Activity of Fludarabine in Refractory Chronic Lymphocytic Leukemia and Low Grade Non-Hodgkin's Lymphoma-The Jerusalem Experience

Shmuel Gillis(Hadassah Medical Center), Eldad J. Dann, Yaacov Cass(Hadassah Medical Center), Rose Rochlemer, Aaron Polliack
Leukemia & lymphoma/Leukemia and lymphoma
January 1, 1994
Cited by 16

Abstract

Twenty four patients with refractory chronic lymphocytic leukemia (CLL) and advanced low grade lymphoma (LGL) were treated with Fludarabine given at a dose of 25 mg/m2, intravenously daily for 5 days, every 28 days. Ten of the patients with LGL were in terminal leukemic phase. All patients had received previous chemotherapy, most with multiple regimens. Patients received a mean of 5.1 cycles (range 1-9). 4 patients--one with CLL and 3 with LGL--achieved a complete remission, while 7 LGL and 3 CLL patients had a partial response.
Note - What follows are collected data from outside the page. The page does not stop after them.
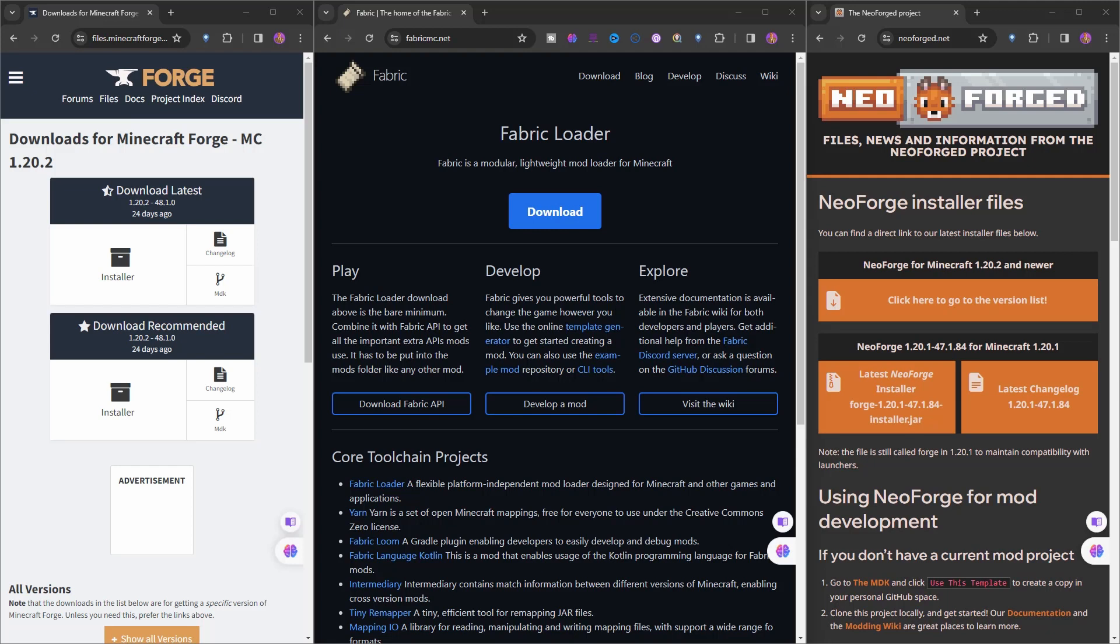Let's start our journey as Minecraft mod developers. However, before writing a single line of code, we have a problem: which one of the famous mod loaders should we choose? Forge, NeoForge, Fabric, and others - there are many mod loaders out there. In this video, we'll talk about mod loaders, what they are, which one we should choose, and why.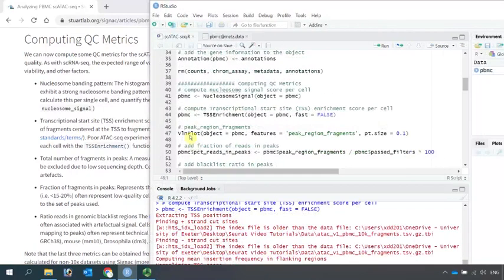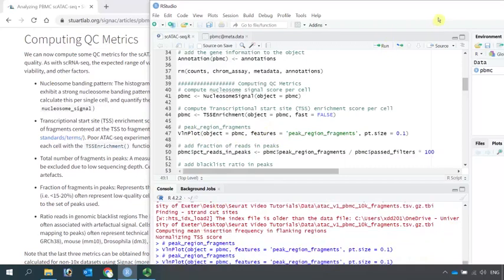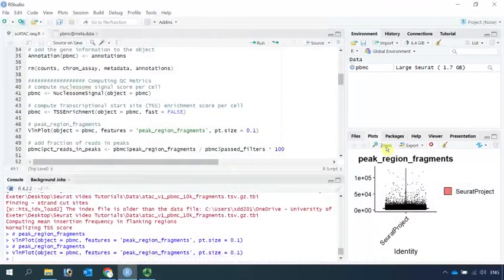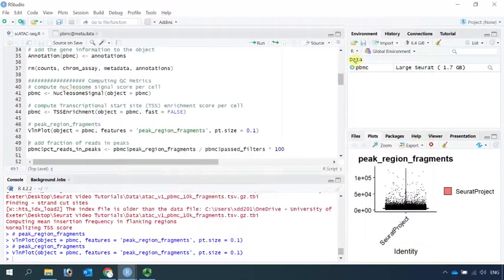The metrics data for the peak region fragments is in the data already, so we don't need to calculate it. We can use the violin plot function to have a look at the peak region fragments. Let's zoom in. You can see we have the metrics data for peak region fragments.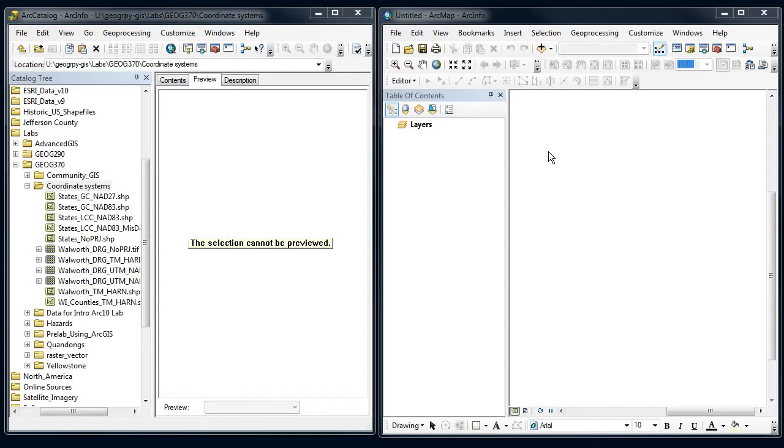All right, let's talk about one of the most challenging topics for new GIS folks, and that's figuring out coordinate systems and how ARC handles them.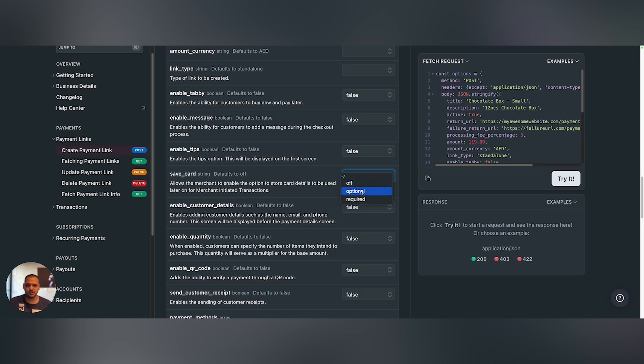If it is optional, the user can opt in or out to save their card details. If it is required, the user will not be allowed to pay unless they enter their card details.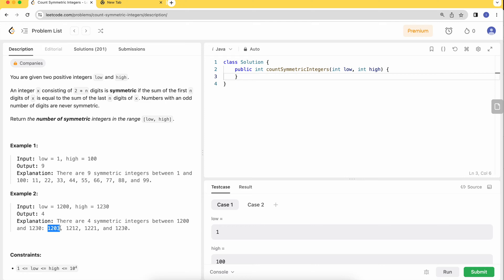in the first half and 03 in the second half. The sum of 1 and 2 is 3, and the sum of 0 and 3 is also 3, so this is a symmetric digit we'll add to our counter. Similarly for 12, the sum is 3 on each side.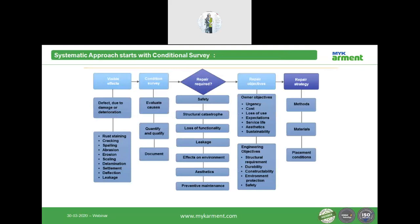The systematic approach starts with a condition survey: visual inspection of defects, damage, or deterioration, followed by evaluation, quantification, qualification, and documentation. Then a repair strategy is developed — is the building unsafe, is there structural catastrophe, loss of functionality, leakage, environmental effects, or is preventive maintenance needed? Repair objectives include owner objectives (cost, loss of use, expectation, service life, aesthetics, sustainability) and engineering objectives (structural requirements, durability, constructability, environmental protection and safety), followed by a repair strategy covering methods, materials, and placement conditions.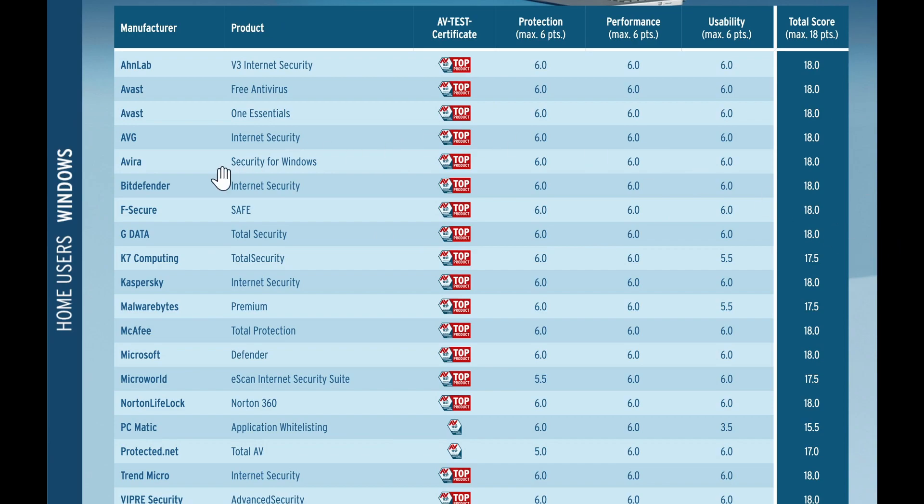So I know some of you are using Bitdefender, for example. So it works. I mean, 18 points is the maximum you can have.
Two patients remain in complete remission 23 and 25 months after completion of therapy. One patient underwent successful autologous bone marrow transplantation after achieving a complete remission, while two others had marrow cryopreserved during complete remission. The drug was well tolerated and toxicity was mild. In 9 of the 122 given cycles patients required hospitalization. In conclusion, Fludarabine is active in refractory patients with CLL and LGL and induces complete and partial remissions in some. It seems that Fludarabine could be used as primary therapy in these disorders in the future.